Funding constraints are particularly acute for surface transport infrastructure. Existing transportation networks are deteriorating and not keeping pace with demand. The main federal funding source for road transport, the Highway Trust Fund, has required repeated injections from general revenue, as the nominal (per-gallon) gasoline tax intended to fund road transport infrastructure has not been adjusted since 1993. After a series of last-minute fixes, the Fixing America’s Surface Transportation Act in December 2015 secured funding for the trust fund from general revenues until 2020. In the absence of rate increases, revenues from the gasoline tax will need to be supplemented on an ongoing basis from general revenues, as a combination of tightening in Corporate Average Fuel Economy Standards, the spread of electric cars, and hydrogen fuel cells have acted to increase fuel efficiency and diminish gasoline usage (Geddes, 2015). The increasing shortfall of the Federal Highway Trust Fund and uncertainty over future federal transportation infrastructure funding arrangements have triggered state initiatives to raise funding, including via higher state gasoline taxes and toll roads.

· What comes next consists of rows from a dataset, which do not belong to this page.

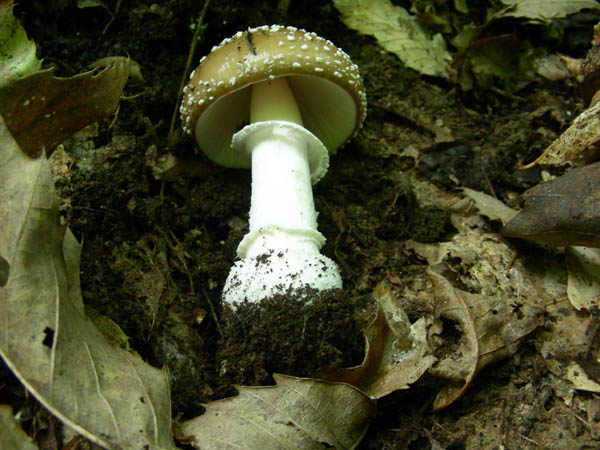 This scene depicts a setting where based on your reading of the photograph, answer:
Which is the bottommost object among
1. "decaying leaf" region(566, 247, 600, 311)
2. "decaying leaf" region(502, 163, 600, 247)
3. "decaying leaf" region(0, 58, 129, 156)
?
"decaying leaf" region(566, 247, 600, 311)

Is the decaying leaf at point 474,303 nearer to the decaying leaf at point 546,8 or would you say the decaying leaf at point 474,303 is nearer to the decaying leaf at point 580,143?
the decaying leaf at point 580,143

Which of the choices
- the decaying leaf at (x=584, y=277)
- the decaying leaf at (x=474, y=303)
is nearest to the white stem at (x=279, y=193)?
the decaying leaf at (x=474, y=303)

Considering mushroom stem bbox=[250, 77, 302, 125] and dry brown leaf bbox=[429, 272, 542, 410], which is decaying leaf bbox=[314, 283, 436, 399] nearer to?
dry brown leaf bbox=[429, 272, 542, 410]

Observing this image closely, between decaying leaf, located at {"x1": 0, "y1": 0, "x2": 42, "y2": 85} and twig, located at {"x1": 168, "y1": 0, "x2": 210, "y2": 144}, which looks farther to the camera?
twig, located at {"x1": 168, "y1": 0, "x2": 210, "y2": 144}

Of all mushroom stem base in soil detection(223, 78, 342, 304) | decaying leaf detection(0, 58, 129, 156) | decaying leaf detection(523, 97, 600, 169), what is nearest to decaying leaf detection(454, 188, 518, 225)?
decaying leaf detection(523, 97, 600, 169)

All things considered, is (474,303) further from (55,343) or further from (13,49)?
(13,49)

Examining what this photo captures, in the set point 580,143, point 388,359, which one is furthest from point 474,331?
point 580,143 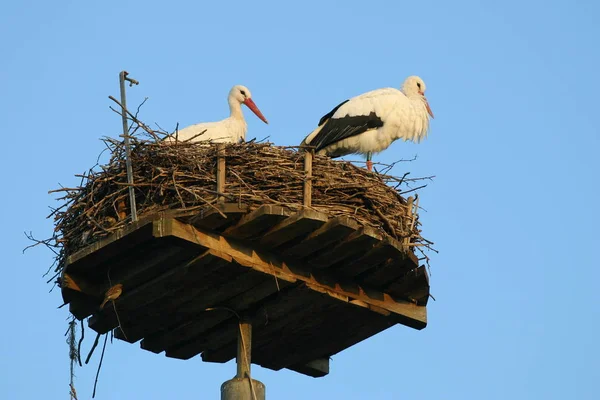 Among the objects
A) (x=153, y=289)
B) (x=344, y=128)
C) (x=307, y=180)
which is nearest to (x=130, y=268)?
(x=153, y=289)

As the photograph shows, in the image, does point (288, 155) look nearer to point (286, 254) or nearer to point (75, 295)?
point (286, 254)

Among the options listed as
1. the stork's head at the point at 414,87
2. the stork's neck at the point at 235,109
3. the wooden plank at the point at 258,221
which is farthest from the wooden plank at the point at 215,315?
the stork's head at the point at 414,87

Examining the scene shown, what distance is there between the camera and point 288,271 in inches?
430

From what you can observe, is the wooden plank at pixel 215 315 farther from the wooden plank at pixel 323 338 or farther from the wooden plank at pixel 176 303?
the wooden plank at pixel 323 338

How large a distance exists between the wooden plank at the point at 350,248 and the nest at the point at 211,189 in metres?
0.24

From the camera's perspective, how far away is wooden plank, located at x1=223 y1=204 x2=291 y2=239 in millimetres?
10367

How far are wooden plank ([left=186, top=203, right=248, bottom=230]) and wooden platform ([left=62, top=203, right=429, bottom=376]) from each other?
0.01 meters

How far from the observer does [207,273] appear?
35.2ft

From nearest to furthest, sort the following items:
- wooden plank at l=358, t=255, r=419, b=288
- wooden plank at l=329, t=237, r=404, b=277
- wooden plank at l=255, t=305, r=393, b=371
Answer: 1. wooden plank at l=329, t=237, r=404, b=277
2. wooden plank at l=358, t=255, r=419, b=288
3. wooden plank at l=255, t=305, r=393, b=371

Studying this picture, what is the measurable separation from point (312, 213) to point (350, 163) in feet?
5.02

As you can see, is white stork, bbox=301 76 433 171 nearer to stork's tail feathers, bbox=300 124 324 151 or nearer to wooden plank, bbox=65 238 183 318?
stork's tail feathers, bbox=300 124 324 151

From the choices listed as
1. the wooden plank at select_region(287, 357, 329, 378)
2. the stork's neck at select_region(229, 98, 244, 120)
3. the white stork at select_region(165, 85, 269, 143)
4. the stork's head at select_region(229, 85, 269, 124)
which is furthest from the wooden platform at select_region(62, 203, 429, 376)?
the stork's head at select_region(229, 85, 269, 124)

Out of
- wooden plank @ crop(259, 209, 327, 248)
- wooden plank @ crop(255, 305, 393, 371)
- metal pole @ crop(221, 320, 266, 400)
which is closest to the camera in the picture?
wooden plank @ crop(259, 209, 327, 248)

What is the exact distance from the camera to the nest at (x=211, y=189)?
10852 millimetres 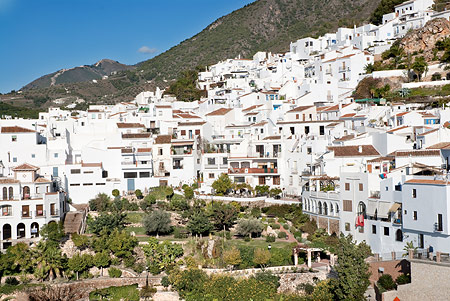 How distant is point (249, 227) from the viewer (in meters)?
38.3

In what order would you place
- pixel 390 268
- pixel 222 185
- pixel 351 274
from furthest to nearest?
1. pixel 222 185
2. pixel 390 268
3. pixel 351 274

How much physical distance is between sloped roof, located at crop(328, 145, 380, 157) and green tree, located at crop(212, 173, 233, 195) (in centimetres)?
920

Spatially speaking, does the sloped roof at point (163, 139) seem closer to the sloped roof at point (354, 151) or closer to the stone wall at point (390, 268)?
the sloped roof at point (354, 151)

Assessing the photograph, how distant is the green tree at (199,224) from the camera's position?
37844mm

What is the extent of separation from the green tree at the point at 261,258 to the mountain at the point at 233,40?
76.0 m

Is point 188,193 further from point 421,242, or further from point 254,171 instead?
point 421,242

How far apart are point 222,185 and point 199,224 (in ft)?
25.8

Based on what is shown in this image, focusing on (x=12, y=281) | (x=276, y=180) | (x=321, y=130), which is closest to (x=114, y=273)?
(x=12, y=281)

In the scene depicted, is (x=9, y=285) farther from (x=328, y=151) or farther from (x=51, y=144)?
(x=328, y=151)

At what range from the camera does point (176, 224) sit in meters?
41.6

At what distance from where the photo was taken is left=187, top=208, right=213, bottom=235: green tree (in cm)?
3784

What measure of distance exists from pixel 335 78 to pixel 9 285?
41159mm

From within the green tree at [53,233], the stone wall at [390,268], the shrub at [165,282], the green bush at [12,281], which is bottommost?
the shrub at [165,282]

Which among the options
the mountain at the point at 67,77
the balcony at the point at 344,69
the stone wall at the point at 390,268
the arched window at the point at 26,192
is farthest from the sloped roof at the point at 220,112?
the mountain at the point at 67,77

Surface transportation infrastructure funding could be put on a sounder footing by making better use of user fees to address negative externalities more effectively. For example, heavy trucks account for just 4% of road users but represent almost one-quarter of the road maintenance costs, mainly because they cause greater damage to the road pavement (Austin, 2015). Boosting user fees for heavy trucks would help users internalise these externalities. Electronic distance-based charges are one way of implementing cost-based user fees. These have become more widespread in Europe following their introduction in Austria, Germany and Switzerland in the early 2000s. In Germany, the mileage fee is based on the truck’s axle weight and emission class. In addition, user tolls in urban areas help reduce congestion while providing funding to support needed improvements and expansion – which is becoming increasingly costly in built-up areas. While such fees would likely have direct adverse distributional consequences, less regressive approaches are available. For example, high-occupancy or express toll lanes can be used to help mitigate congestion without necessarily imposing fees on low-income drivers. This approach was pioneered in California in the mid-1990s and has been adopted more widely by other States. The UK provides another notable alternative, as London has introduced a congestion charge for vehicles entering the city centre, combined with a boost in investment on mass transit to broaden travel alternatives.

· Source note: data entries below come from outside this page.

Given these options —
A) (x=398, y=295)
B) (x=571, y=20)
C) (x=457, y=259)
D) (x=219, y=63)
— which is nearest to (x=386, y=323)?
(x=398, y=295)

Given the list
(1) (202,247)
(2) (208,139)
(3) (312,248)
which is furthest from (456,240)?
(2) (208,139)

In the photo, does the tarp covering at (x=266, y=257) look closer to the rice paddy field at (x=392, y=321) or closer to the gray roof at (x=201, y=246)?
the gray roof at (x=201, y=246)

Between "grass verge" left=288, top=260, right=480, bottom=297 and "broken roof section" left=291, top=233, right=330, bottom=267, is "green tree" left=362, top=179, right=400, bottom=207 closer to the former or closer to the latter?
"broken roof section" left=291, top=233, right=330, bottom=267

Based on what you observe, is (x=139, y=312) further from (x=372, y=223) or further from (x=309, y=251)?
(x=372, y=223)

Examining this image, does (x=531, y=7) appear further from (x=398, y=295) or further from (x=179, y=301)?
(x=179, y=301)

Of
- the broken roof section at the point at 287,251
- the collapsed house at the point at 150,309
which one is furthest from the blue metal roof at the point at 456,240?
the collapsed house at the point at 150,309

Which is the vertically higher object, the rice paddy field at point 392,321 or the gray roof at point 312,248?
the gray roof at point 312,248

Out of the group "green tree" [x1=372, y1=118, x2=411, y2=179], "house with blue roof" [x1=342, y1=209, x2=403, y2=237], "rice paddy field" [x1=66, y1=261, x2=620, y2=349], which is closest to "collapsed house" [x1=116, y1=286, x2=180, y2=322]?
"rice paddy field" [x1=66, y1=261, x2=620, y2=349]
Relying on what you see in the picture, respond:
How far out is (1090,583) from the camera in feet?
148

Recommendations for unleashing productivity growth

Key recommendations

  • Boost investment in, and maintenance of infrastructure; in particular, promote mass transit. Use federal programmes to encourage co-ordination across State and local jurisdictions.

  • Make R&D tax credits refundable for new firms.

  • Ensure personal bankruptcy procedures do not undermine incentives for entrepreneurship.

  • Continue to speed up patenting decisions in line with targets without compromising patent quality.

  • Adapt antitrust policy to new trends in digitalisation, financial innovation and globalisation. Strengthen compliance with merger remedies.

  • Continue to strengthen pro-competitive policies, including in telecoms.

  • Use federal funding to remove unnecessary occupational licensing requirements and make others more easily portable across States.

Other recommendations

  • Consider additional policy measures to encourage workers with children to remain in jobs that best utilise their skills, such as by boosting support for maternal leave and childcare or by establishing a national social insurance programme.

  • Consider implementing and expanding user fees for transportation infrastructure designed to address externalities, such as mileage-based charges for heavy trucks and express toll lanes in congested areas.

  • Consider shifting government supports for business R&D spending toward direct public funding of basic research and science, which likely has a higher social return.